17. The scope of Section 110-B was discussed in a Bench decision of this Court. In the case of Narmada Choudhury v. MACT Kamrup Civil Rule No. 24/79 dt. 25.7.83 this Court speaking through one of us (Dr. Singh, J.) observed that the general law of Tort being uncodified, and the Tribunal which was given the power to adjudicate the tortious liability under the Act being a creature of the Act, it was considered necessary to name the tortfeasors along with the statutorily named indemnifier contemplated Under Section 95(5). It was necessary to do so because the Act made a distinct departure from the general law of Tort in dealing with the liability of joint tort-feasors as appeared from a combined reading of Sections 97, 99, 101 and 102 of the Act. To buttress this view we may refer to Common Law rule as to joint liabiliry that a judgment against one released all even though it was wholly unsatisfied (see, Winfield on Tort, 8th edn. page 661). Evidently this rule was considered unsatisfactory by the Indian legislature to deal with cases under the Act.
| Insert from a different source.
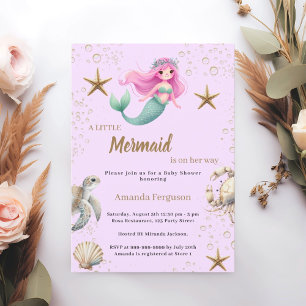 Zeemeermin onder de zee roze paarse baby shower kaart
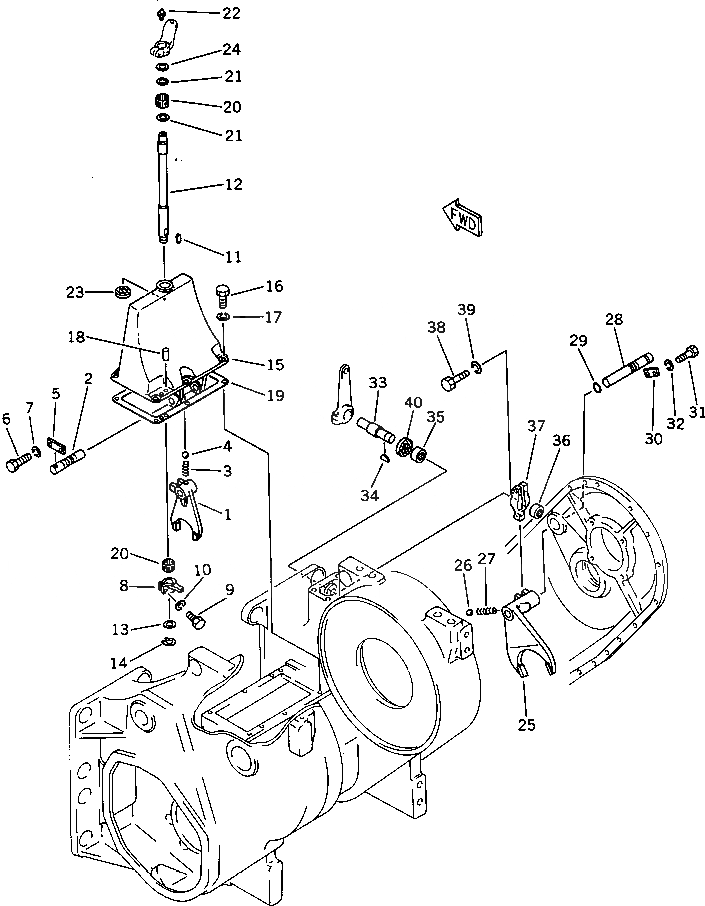 Схема запчастей Komatsu D40AM-3 - ЛЕБЕДКА ВАЛ ВИЛЫ РАБОЧЕЕ ОБОРУДОВАНИЕ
18. Mr. Goswami has cited the decision reported in AIR 1935 Bombay 333 Goolbai v. Pestonji in which it was held that the most question to be considered in such cases was determination of relationship of the person driving the vehicle to the defendant. In that case the defendant being found to be a mortgages and the person driving the vehicle a mortgagor, the Court held on these facts that there did not exist between them such relation as would indicate that the defendant had any control on him. Evidently there could be no discussion in that case of the provisions (of Chapter VIII) of the Act which did not then exist. In AIR 1972 Mysore 73 Ariyamma v. Narasimhiah the court relied on K.L. Johar (supra) and on a consideration of the terms of the Hire Purchase Agreement held that the second respondent was not the owner of the vehicle on the date of accident on whom liability for the accident could be saddled as be had not exercised his option to purchase the vehicle till that date. This case was relied on in a subsequent decision of the same court in 1980 ACJ 377 Sundaram Finance Ltd. v. D.G. Nanjappa and here also relevance of the definition of 'owner' in Section 2(19) of the Act was held doubtful. However, a different view is expressed in the other cases cited at the Bar. In Padma Devi v. Gurbaksh Singh and : AIR1974All90 Babu Singh v. Champa Devi reliance was placed on Section 2(19) to hold that the financier could not be saddled with liability and further (in the latter case) that he was not a necessary party as he was not the owner of the vehicle.

19. In this view of the matter we have no hesitation to hold that in the instant case the appellant financier was wrongly impleaded as it is nobody's case that the Bus was in its possession. No award could therefore be legally passed against the firm as it was not with the registered owner in virtue of Section 31-A. The order of the learned Tribunal in so far as it held the appellant-financier to be jointly and severally liable with the registered owner in respect of a part of the award (Rs. 25,000) is therefore entirely without jurisdiction and is accordingly set aside.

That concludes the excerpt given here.